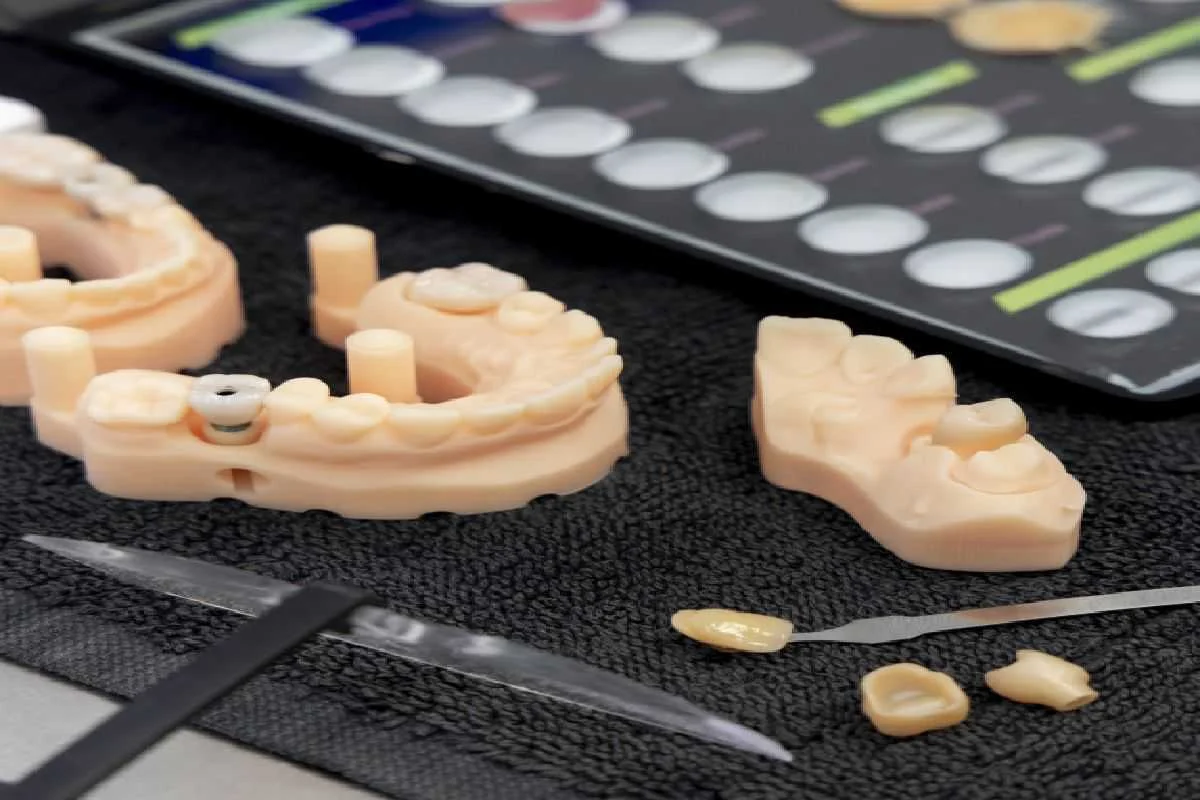 dental implant vs dental implants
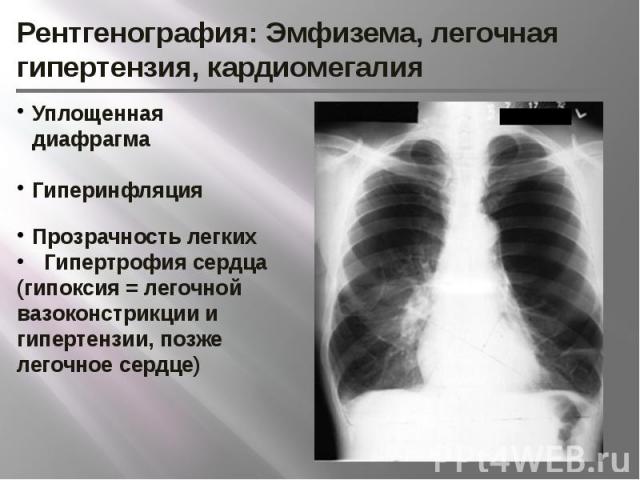 Рентгенография: Эмфизема, легочная гипертензия, кардиомегалия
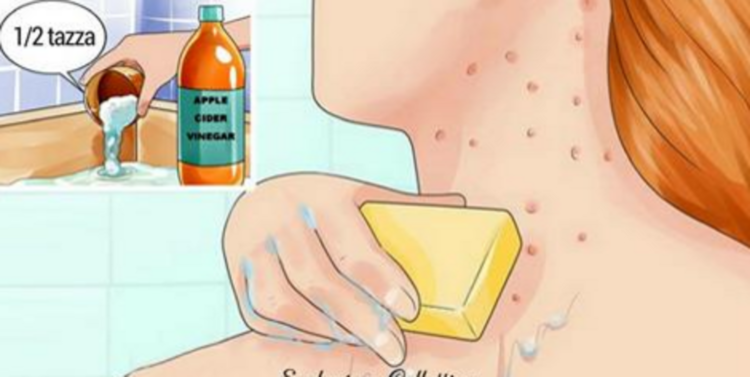 METTETE DELL'ACETO DI VINO SUL VISO E SUL CORPO, QUELLO CHE SUCCEDE DOPO LASCIA SENZA PAROLE - 12/08/2016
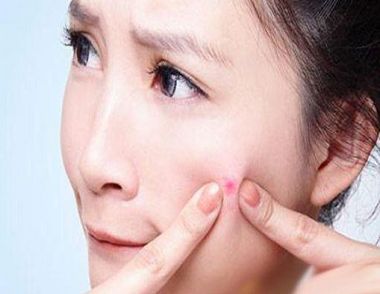 原因是什么 长痘怎么办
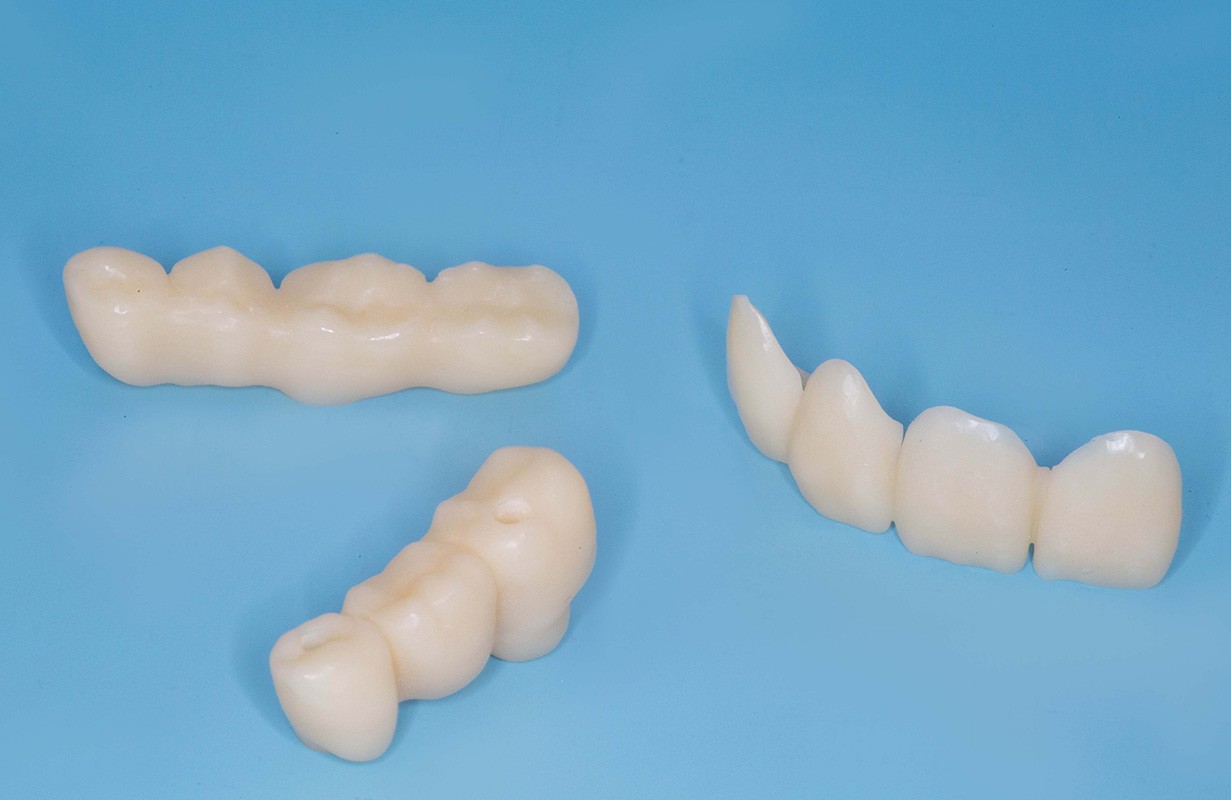 Пластмассовые коронки на зубы — особенности и этапы установки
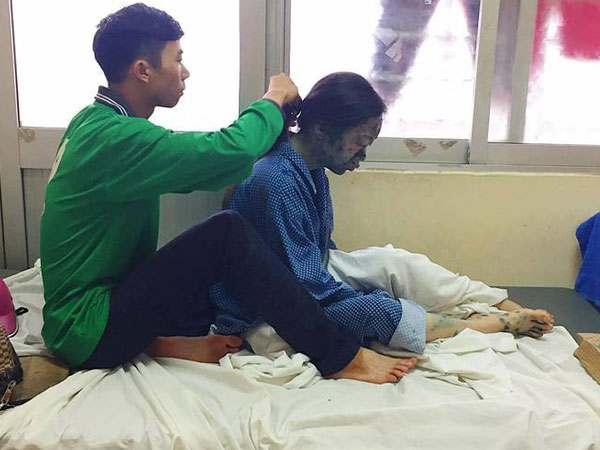 Bức ảnh dễ thương về chàng trai ngồi tết tóc cho người yêu bị thủy đậu: Yêu là luôn bên nhau cả khi xấu xí nhất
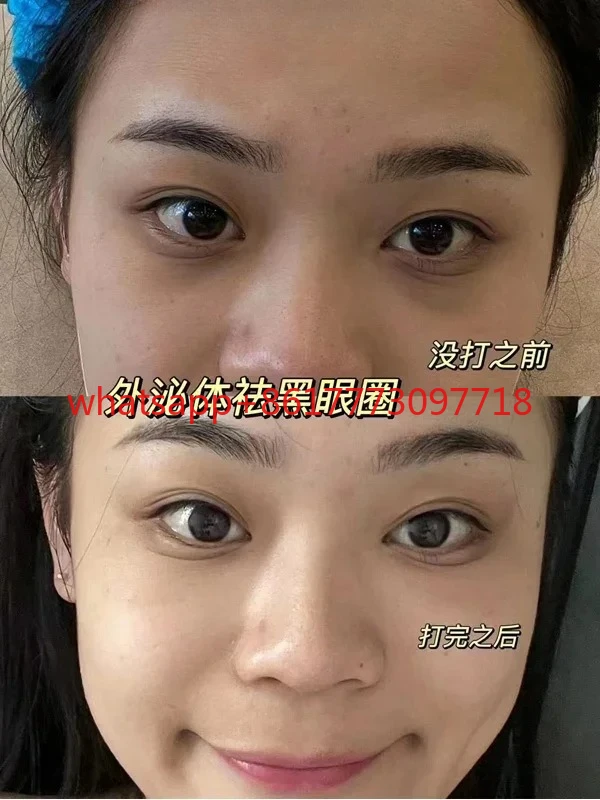 يقدم أداة زرع الخلايا الجسدية exosome توصيل المياه الضحلة والترطيب الخفيف على الوجه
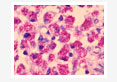 Conventional vs. Recombinant Antigen Based Detection of Mycobacterim avium subspecies paratuberculosis Infection in Animals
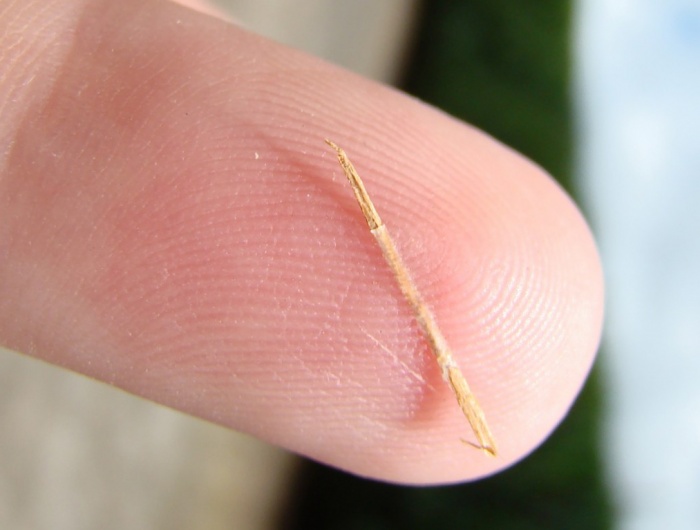 SHE PUTS AN ONION IN HER EAR. THE REASON WHY IS A FASCINATING TRICK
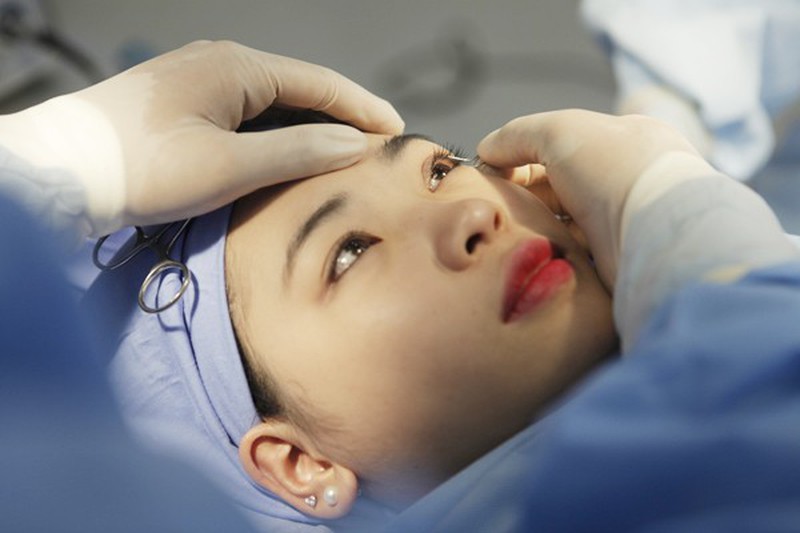 mo-goc-mat-o-dau-dep-3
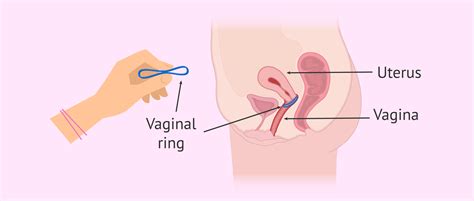 Vaginal Ring As Mean Of Contraception How Does It Work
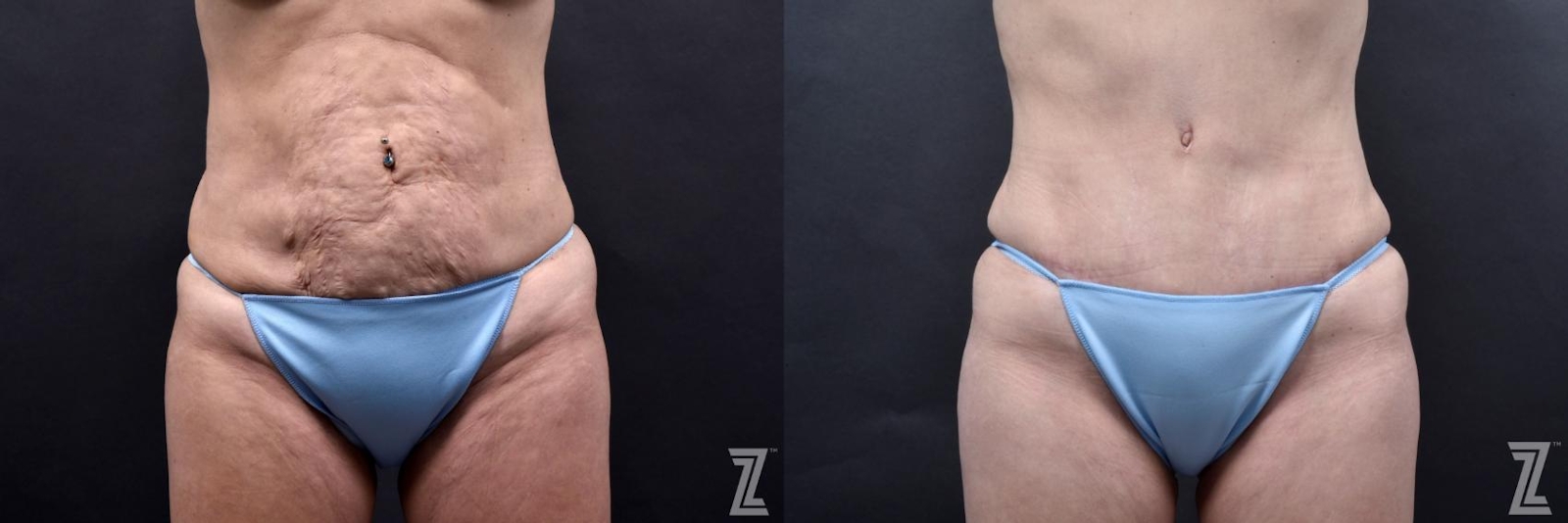 Austin Tummy Tuck Before & After Gallery - Patient 132886812 - Image 1 - The Piazza Center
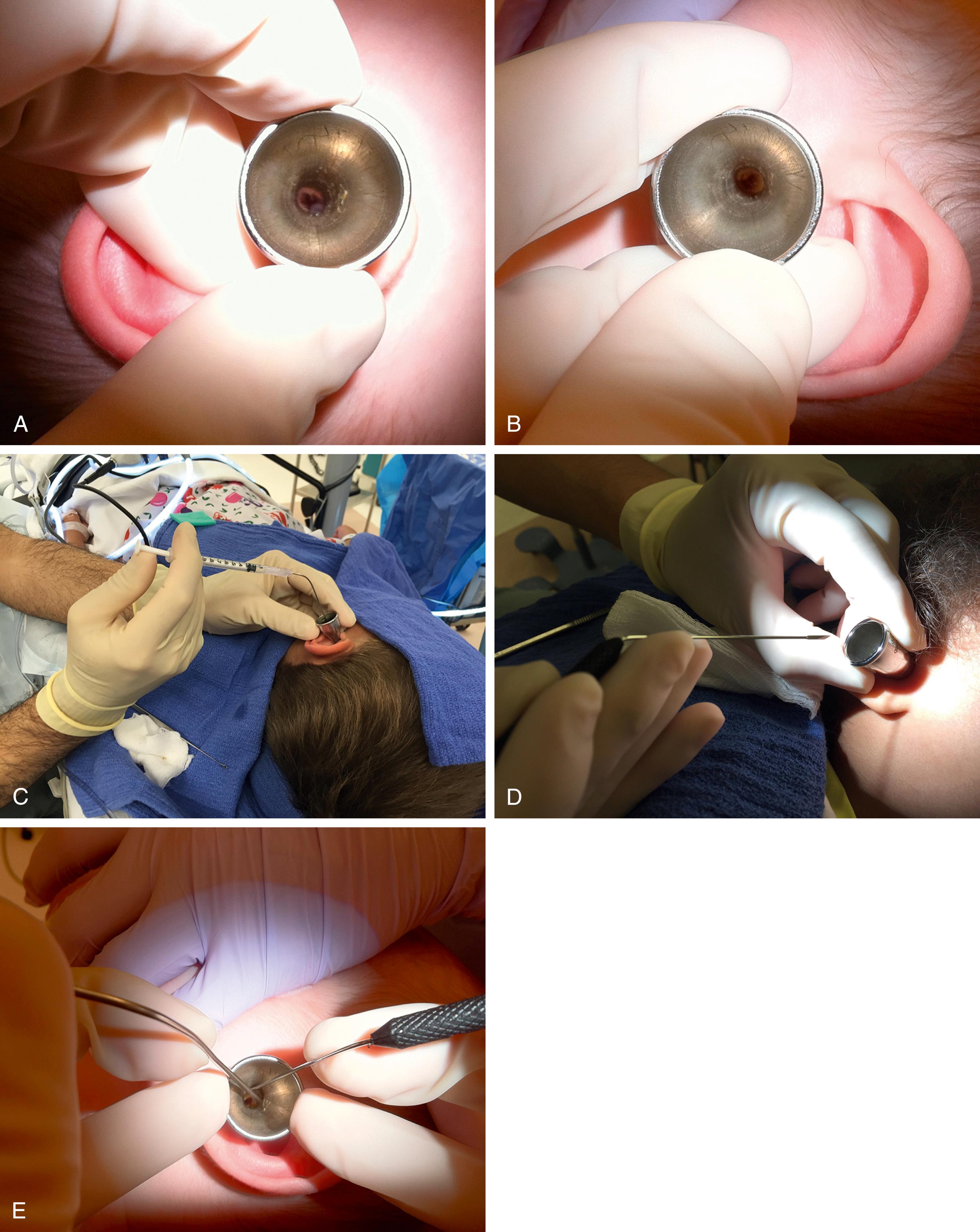 Fig. 203.2, A, The speculum is held as shown for the right ear for a right-handed surgeon; the third finger is placed in the concha to retract the pinna in the posterosuperior direction so that the ear canal can be straightened with one hand. B, The speculum is held as shown for the left ear for a right-handed surgeon; the third finger is passed inferior to the speculum and placed in the concha to retract the pinna in the posterosuperior direction so that the ear canal can be straightened with one hand. C, If a trap with suction is not available, tympanocentesis may be performed with a spinal needle and a tuberculin syringe. D, To handle the myringotomy knife, the thumb and index finger hold the handle while the third finger stabilizes the shaft of the knife, freeing up the fourth finger to be anchored on the speculum edge and the fifth finger to be anchored on the head if possible. E, Bimanual handling of the speculum, myringotomy knife, and suction. Instruments are held as described earlier, both fourth fingers anchored on the speculum and both fifth fingers anchored on the head for stabilization.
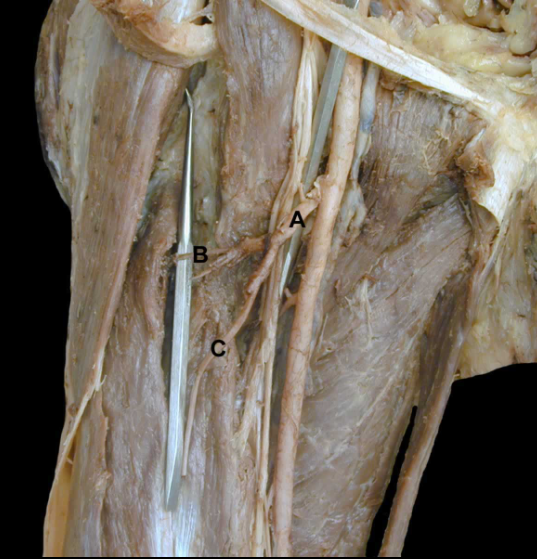 <p>A</p>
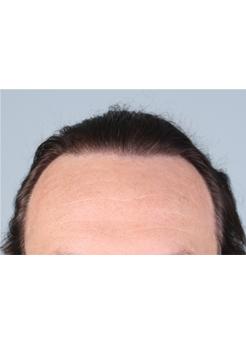 After Hair Transplant&nbsp;Temporal Hairline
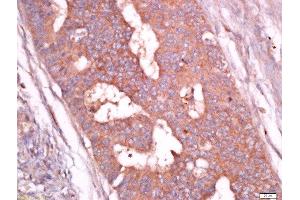Immunohistochemistry (Paraffin-embedded Sections) (IHC (p)) image for anti-Troponin T (Tn T) (AA 201-298) antibody (ABIN2179815)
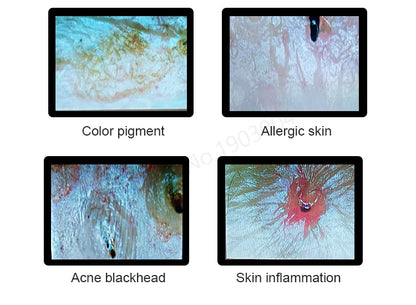 Scalp & Facial Skin Analyzer Machine 200x HD Digital Dermoscopy for Hair Follicle Diagnosis and Skin Health Detection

○ ○ ○

→ What you have to do
The line containing "يقدم أداة زرع" marks the end; please output exactly the lines of the listing above from its first line through that line, without pictures.

→ Solution below
 dental implant vs dental implants
 Рентгенография: Эмфизема, легочная гипертензия, кардиомегалия
 METTETE DELL'ACETO DI VINO SUL VISO E SUL CORPO, QUELLO CHE SUCCEDE DOPO LASCIA SENZA PAROLE - 12/08/2016
 原因是什么 长痘怎么办
 Пластмассовые коронки на зубы — особенности и этапы установки
 Bức ảnh dễ thương về chàng trai ngồi tết tóc cho người yêu bị thủy đậu: Yêu là luôn bên nhau cả khi xấu xí nhất
 يقدم أداة زرع الخلايا الجسدية exosome توصيل المياه الضحلة والترطيب الخفيف على الوجه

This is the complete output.